#### DATA SECTION
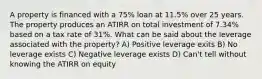 A property is financed with a 75% loan at 11.5% over 25 years. The property produces an ATIRR on total investment of 7.34% based on a tax rate of 31%. What can be said about the leverage associated with the property? A) Positive leverage exits B) No leverage exists C) Negative leverage exists D) Can't tell without knowing the ATIRR on equity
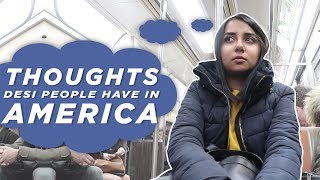 Thoughts Desi People Have in America  MostlySane [upl. by Shara]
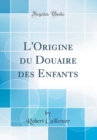 Image for L&#39;Origine du Douaire des Enfants (Classic Reprint)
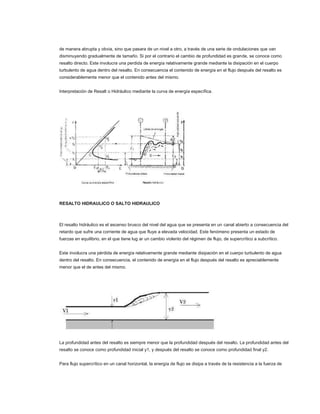 de manera abrupta y obvia, sino que pasara de un nivel a otro, a través de una serie de ondulaciones que van
disminuyendo gradualmente de tamaño. Si por el contrario el cambio de profundidad es grande, se conoce como
resalto directo. Este involucra una perdida de energía relativamente grande mediante la disipación en el cuerpo
turbulento de agua dentro del resalto. En consecuencia el contenido de energía en el flujo después del resalto es
considerablemente menor que el contenido antes del mismo.


Interpretación de Resalt o Hidráulico mediante la curva de energía específica.




RESALTO HIDRAULICO O SALTO HIDRAULICO



El resalto hidráulico es el ascenso brusco del nivel del agua que se presenta en un canal abierto a consecuencia del
retardo que sufre una corriente de agua que fluye a elevada velocidad. Este fenómeno presenta un estado de
fuerzas en equilibrio, en el que tiene lug ar un cambio violento del régimen de flujo, de supercrítico a subcrítico.


Este involucra una pérdida de energía relativamente grande mediante disipación en el cuerpo turbulento de agua
dentro del resalto. En consecuencia, el contenido de energía en el flujo después del resalto es apreciablemente
menor que el de antes del mismo.




La profundidad antes del resalto es siempre menor que la profundidad después del resalto. La profundidad antes del
resalto se conoce como profundidad inicial y1, y después del resalto se conoce como profundidad final y2.


Para flujo supercrítico en un canal horizontal, la energía de flujo se disipa a través de la resistencia a la fuerza de
 
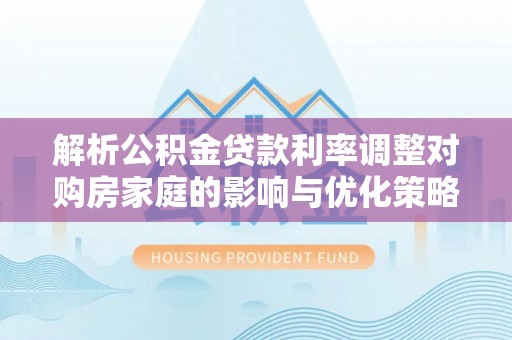 兴义解析公积金贷款利率调整对购房家庭的影响与优化策略
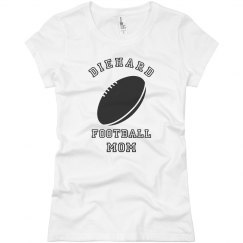 DIE HARD FOOTBALL MOM 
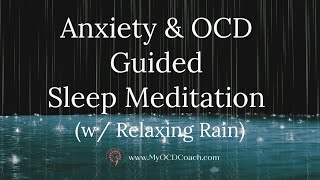 Anxiety \& OCD Sleep Meditation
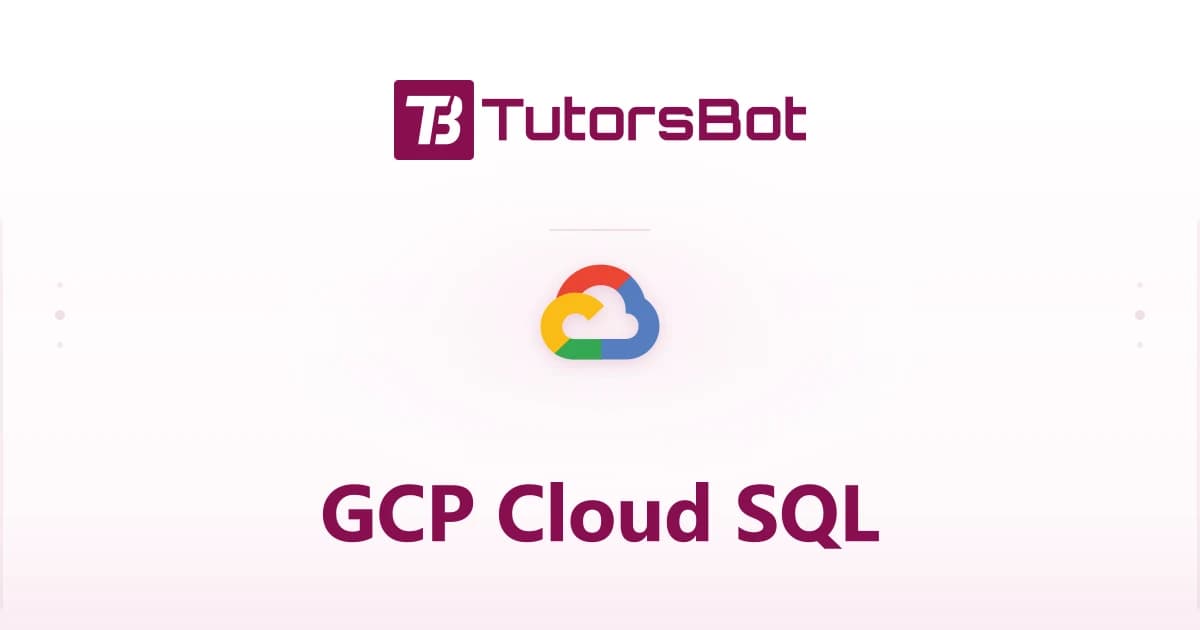 GCP Cloud SQL and Databases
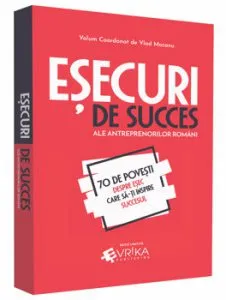 Esecuri de succes ale antreprenorilor romani de Vlad Mocanu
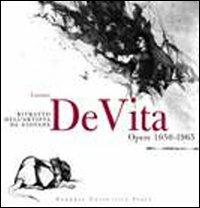 Luciano De Vita. Ritratto dell'artista da giovane. Opere 1950-1965  - Libro Bononia University Press 2011, Fondazione del Monte. Arte | Libraccio.it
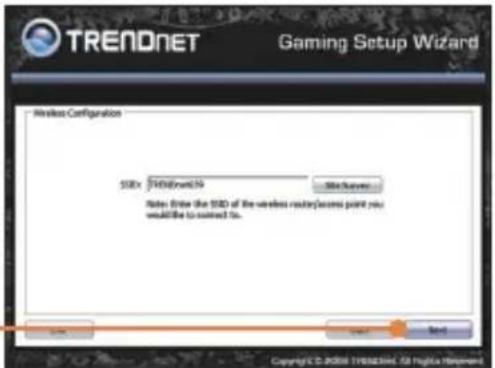 TRENDNET Gaming Setup Wizard Wireless Configuration SSD+ TRENDNET59 Site Survey Note: Enter the SSD of the wireless router/access point you would like to create it.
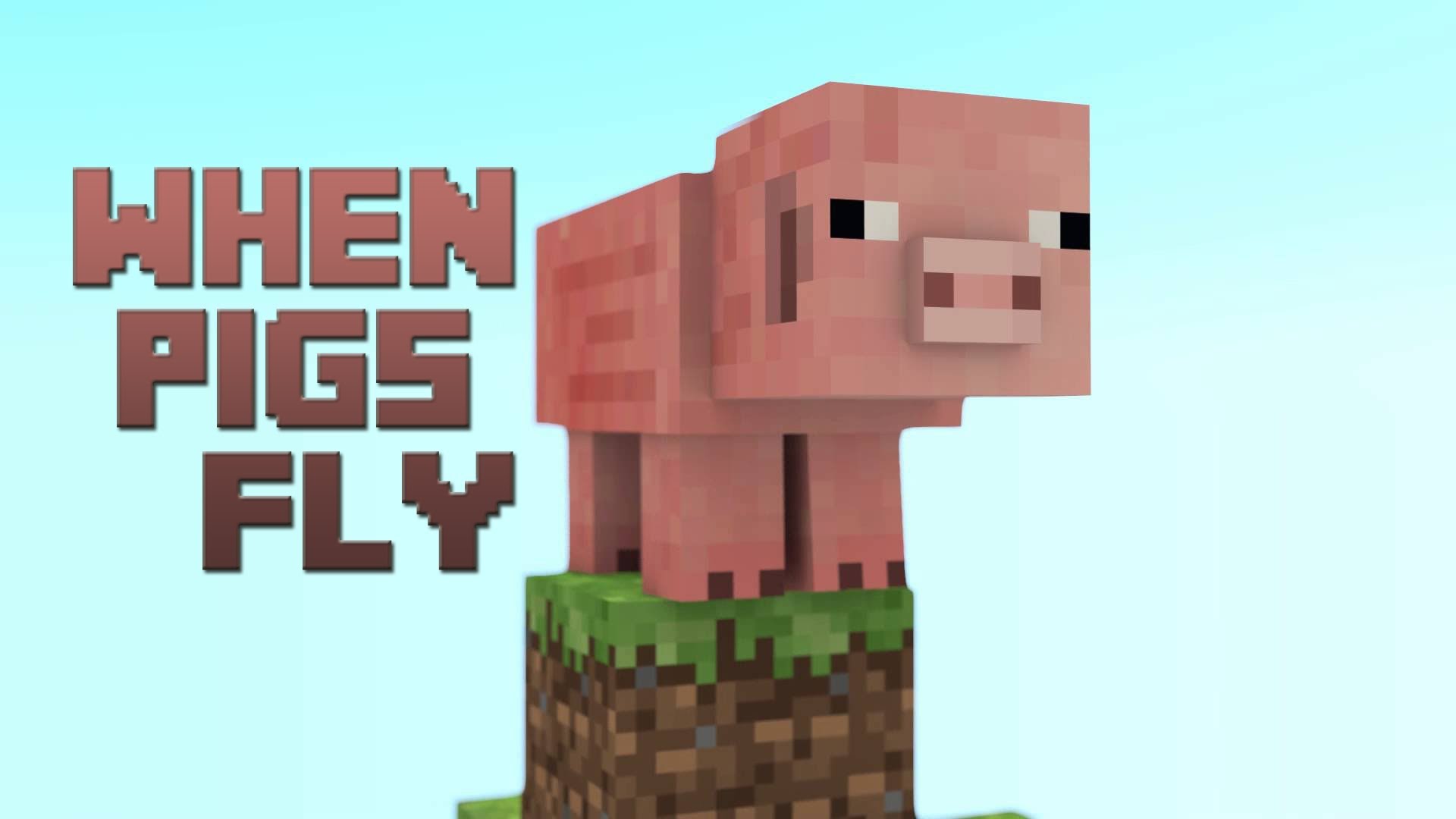 When Pigs Fly   Minecraft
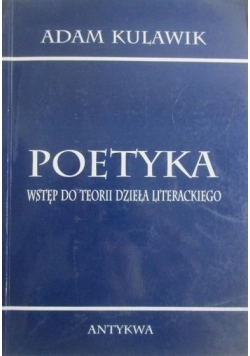 Poetyka. Wstęp do teorii dzieła literackiego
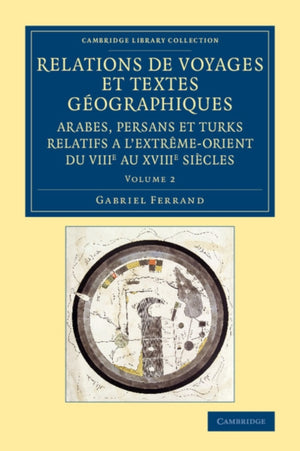 Relations de voyages et textes geographiques arabes, persans et turks relatifs a l'Extreme-Orient du VIIIe au XVIIIe siecles: Volume 2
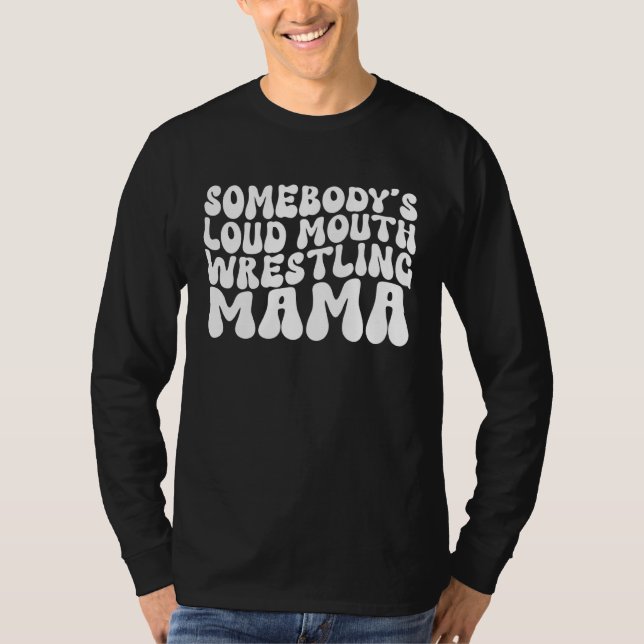 Somebody's Loud Mouth Wrestling Mama Groovy Sport  T-Shirt (Front)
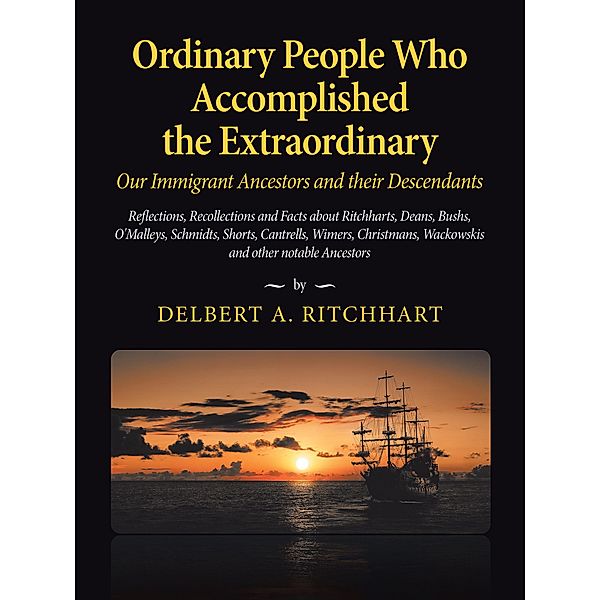 Ordinary People Who Accomplished the Extraordinary--Our Immigrant Ancestors and Their Descendants, Delbert A. Ritchhart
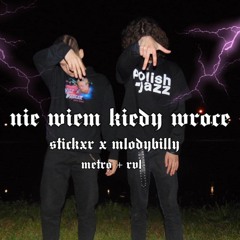 nie wiem kiedy wroce w/ mlodybilly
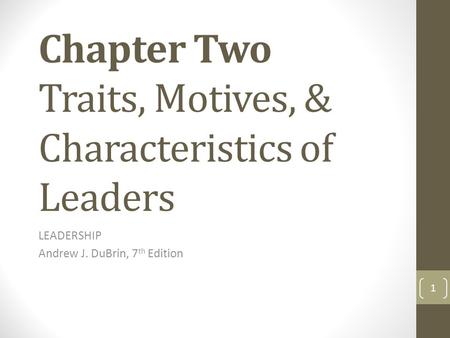 Chapter Two Traits, Motives, & Characteristics of Leaders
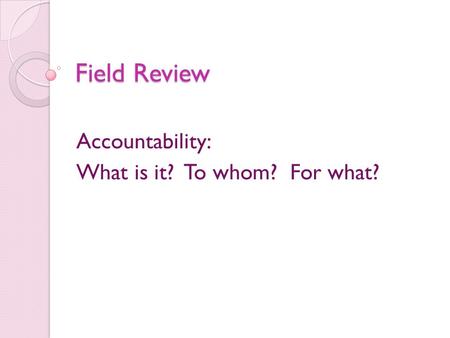 Field Review Accountability: What is it? To whom? For what?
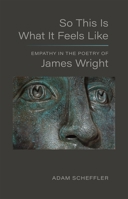 So This Is What It Feels Like: Empathy in the Poetry of James Wright 0807186082 Book Cover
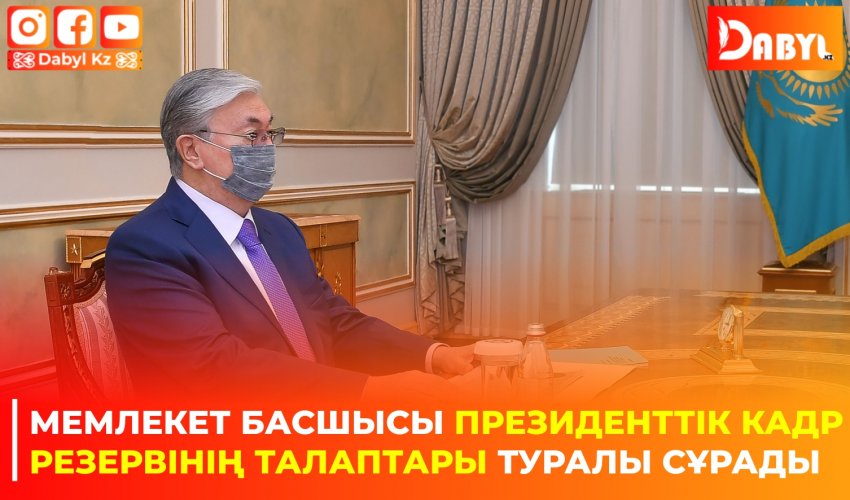 Мемлекет басшысы Президенттік кадр резервінің талаптары туралы сұрады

#### EXERCISE REQUIREMENTS
Each record, word for word, should be printed again without its pictures.

#### REPLY
 A property is financed with a 75% loan at 11.5% over 25 years. The property produces an ATIRR on total investment of 7.34% based on a tax rate of 31%. What can be said about the leverage associated with the property? A) Positive leverage exits B) No leverage exists C) Negative leverage exists D) Can't tell without knowing the ATIRR on equity
 Thoughts Desi People Have in America  MostlySane [upl. by Shara]
 Image for L&#39;Origine du Douaire des Enfants (Classic Reprint)
 de manera abrupta y obvia, sino que pasara de un nivel a otro, a través de una serie de ondulaciones que van
disminuyendo gradualmente de tamaño. Si por el contrario el cambio de profundidad es grande, se conoce como
resalto directo. Este involucra una perdida de energía relativamente grande mediante la disipación en el cuerpo
turbulento de agua dentro del resalto. En consecuencia el contenido de energía en el flujo después del resalto es
considerablemente menor que el contenido antes del mismo.


Interpretación de Resalt o Hidráulico mediante la curva de energía específica.




RESALTO HIDRAULICO O SALTO HIDRAULICO



El resalto hidráulico es el ascenso brusco del nivel del agua que se presenta en un canal abierto a consecuencia del
retardo que sufre una corriente de agua que fluye a elevada velocidad. Este fenómeno presenta un estado de
fuerzas en equilibrio, en el que tiene lug ar un cambio violento del régimen de flujo, de supercrítico a subcrítico.


Este involucra una pérdida de energía relativamente grande mediante disipación en el cuerpo turbulento de agua
dentro del resalto. En consecuencia, el contenido de energía en el flujo después del resalto es apreciablemente
menor que el de antes del mismo.




La profundidad antes del resalto es siempre menor que la profundidad después del resalto. La profundidad antes del
resalto se conoce como profundidad inicial y1, y después del resalto se conoce como profundidad final y2.


Para flujo supercrítico en un canal horizontal, la energía de flujo se disipa a través de la resistencia a la fuerza de
 
 兴义解析公积金贷款利率调整对购房家庭的影响与优化策略
 DIE HARD FOOTBALL MOM 
 Anxiety \& OCD Sleep Meditation
 GCP Cloud SQL and Databases
 Esecuri de succes ale antreprenorilor romani de Vlad Mocanu
 Luciano De Vita. Ritratto dell'artista da giovane. Opere 1950-1965  - Libro Bononia University Press 2011, Fondazione del Monte. Arte | Libraccio.it
 TRENDNET Gaming Setup Wizard Wireless Configuration SSD+ TRENDNET59 Site Survey Note: Enter the SSD of the wireless router/access point you would like to create it.
 When Pigs Fly   Minecraft
 Poetyka. Wstęp do teorii dzieła literackiego
 Relations de voyages et textes geographiques arabes, persans et turks relatifs a l'Extreme-Orient du VIIIe au XVIIIe siecles: Volume 2
 Somebody's Loud Mouth Wrestling Mama Groovy Sport  T-Shirt (Front)
 Ordinary People Who Accomplished the Extraordinary--Our Immigrant Ancestors and Their Descendants, Delbert A. Ritchhart
 nie wiem kiedy wroce w/ mlodybilly
 Chapter Two Traits, Motives, & Characteristics of Leaders
 Field Review Accountability: What is it? To whom? For what?
 So This Is What It Feels Like: Empathy in the Poetry of James Wright 0807186082 Book Cover
 Мемлекет басшысы Президенттік кадр резервінің талаптары туралы сұрады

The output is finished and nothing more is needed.